Ce projet avait le mérite d’être très ambitieux, bien qu’il fût loin de rassurer tous les acteurs. Certains n’y voyant qu’une volonté de l’Etat central de dépouiller les élus locaux de la question foncière. Pour ces derniers, il était hors de question de se laisser faire.

Depuis son accession à la magistrature suprême, le président Macky Sall n’a eu de cesse de prendre des initiatives allant dans le sens de modifier le domaine national, qui date de 1964. En attendant de plus vastes réalisations, le chef de l’Etat s’est contenté de donner de nouvelles compétences aux gouverneurs, au détriment des préfets et sous-préfets.

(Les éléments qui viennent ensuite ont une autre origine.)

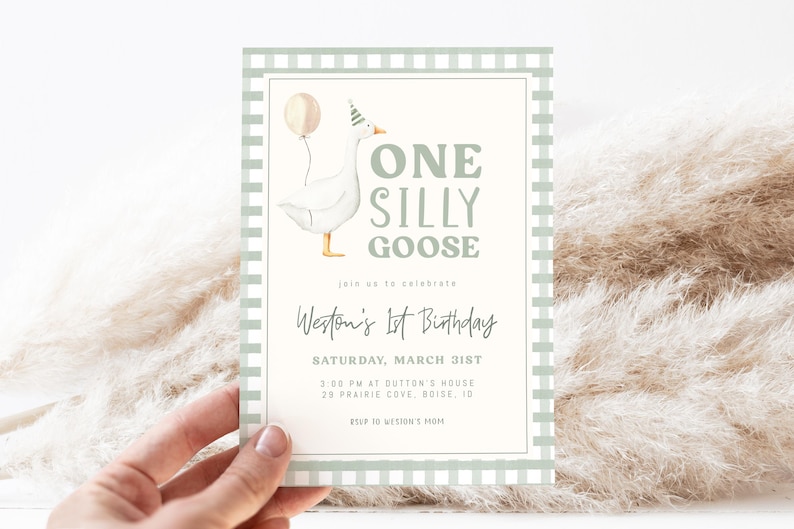 May include: A birthday invitation with a cartoon goose wearing a party hat and holding a balloon. The text reads "ONE SILLY GOOSE" and "Weston's 1st Birthday". The invitation has a light green gingham border and is held by a hand.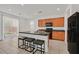 Eat-in kitchen with wood cabinets, granite countertops, stainless appliances, and sliding glass doors to the yard at 6130 Yuzu Pl, Las Vegas, NV 89122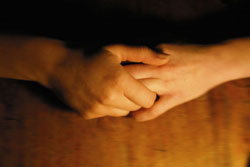 Dos manos entrelazadas sobre un fondo marrón.
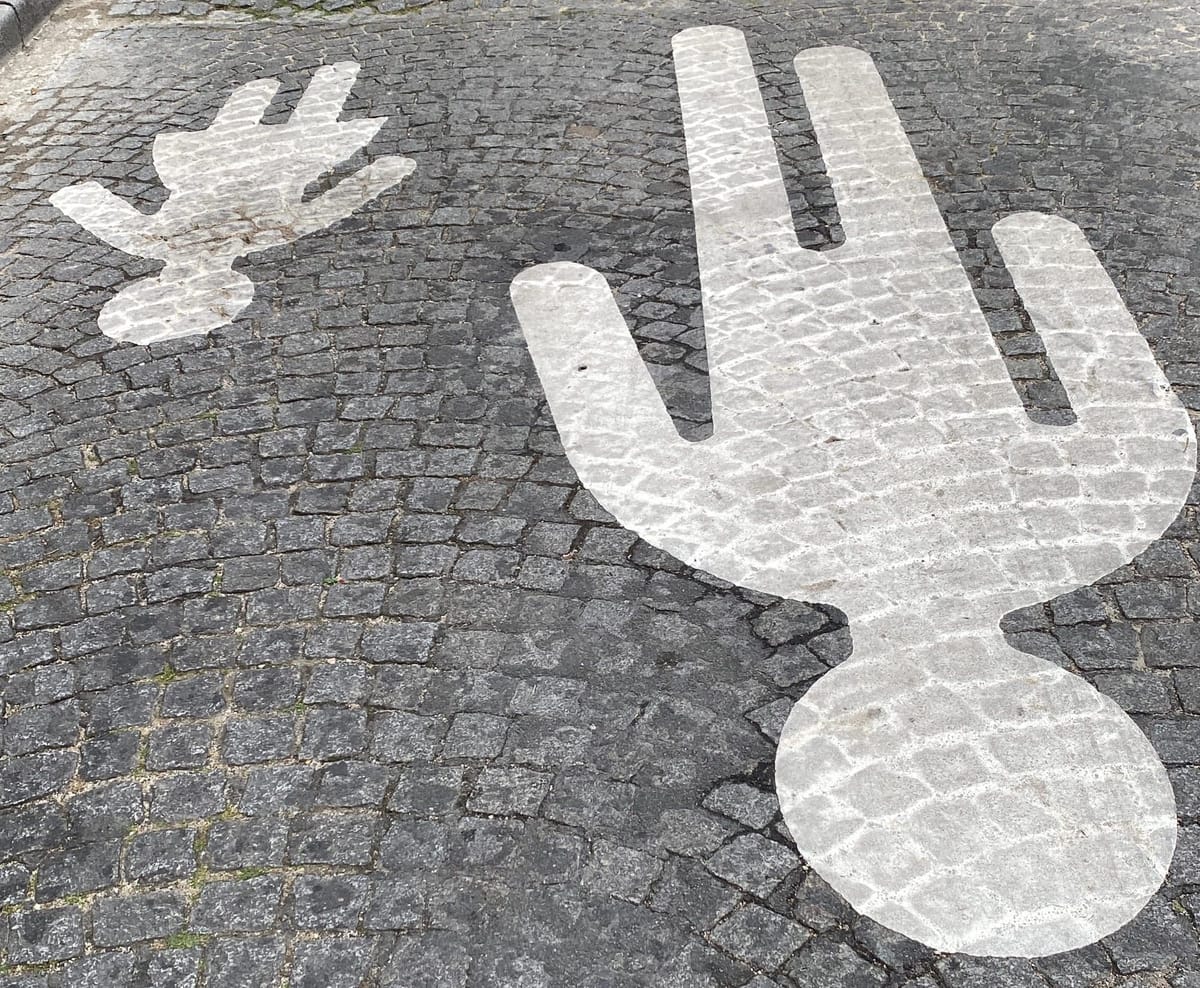 Pavement safety stencil, Paris, 2025. Pavement safety stencil, Paris, 2025.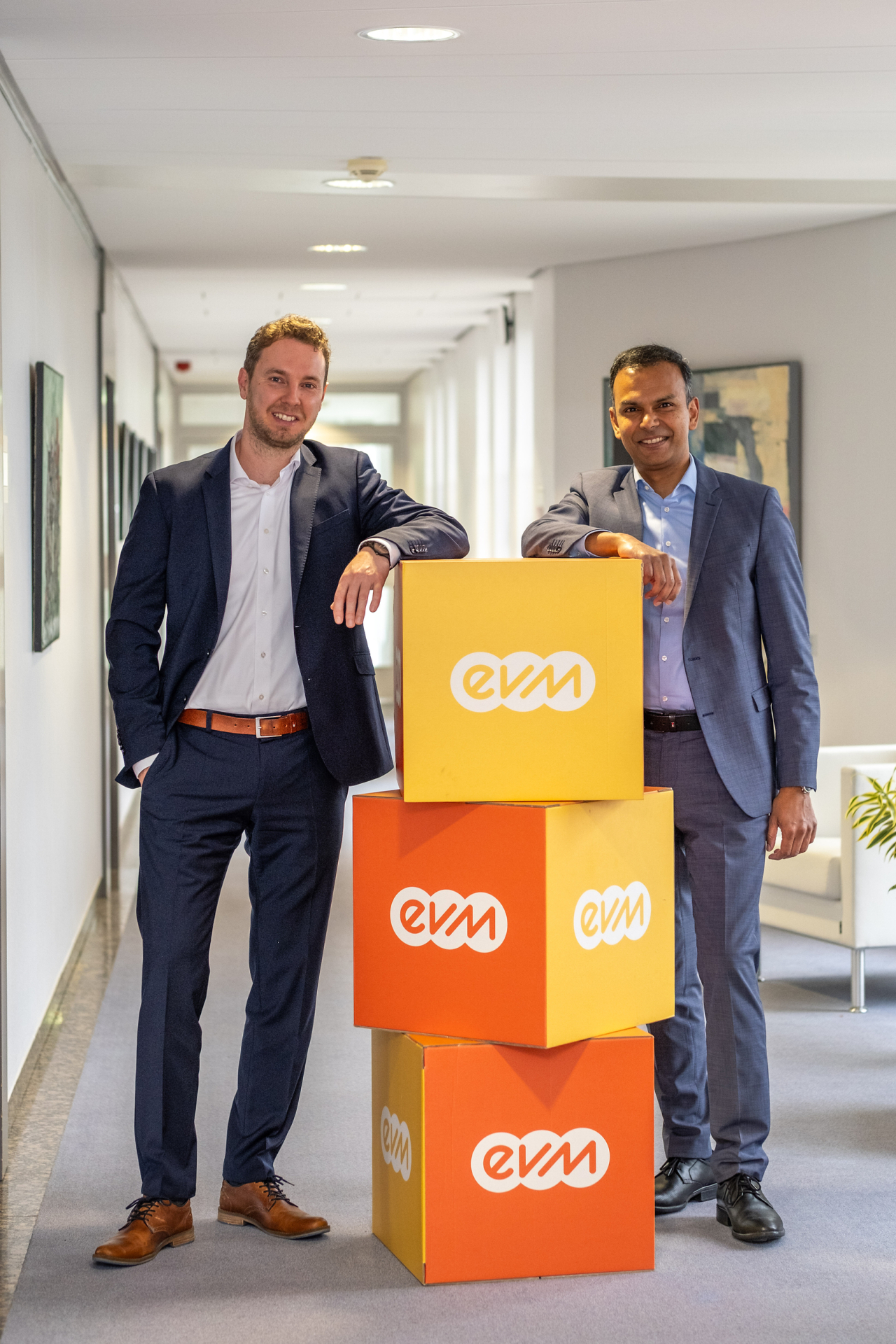 Zwei professionell gekleidete Männer stehen neben aufeinander gestapelten evm Würfeln.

Aussi minime soit-elle, cette réforme semble intervenir dans la douleur. Comme l’annonçait ‘’EnQuête’’ dans son édition du 24 août 2020. Elle a été précédée d’un cafouillage rarissime au sommet de l’Etat. Adopté lors du Conseil des ministres du mercredi 12 août 2020, le projet de décret portant modification du décret 72-1288 du 27 octobre 1972 relatif aux conditions d’affectation et de désaffectation des terres du domaine national a été rapporté dès le lendemain, à travers un communiqué spécial publié au quotidien national ‘’Le Soleil’’. Interpellée sur les raisons de ce retrait, la porte-parole du gouvernement n’avait pas voulu se prononcer. Finalement, ce n’est que le mercredi 16 septembre que le gouvernement est revenu à la charge pour adopter, à nouveau, en Conseil des ministres, le fameux décret. Pourquoi le premier a été retiré du circuit ? On ne le saura peut-être jamais.

Ce qui est sûr, c’est que les maires du Sénégal, eux, vont continuer de garder leurs privilèges, quelles que soient les superficies objet des délibérations.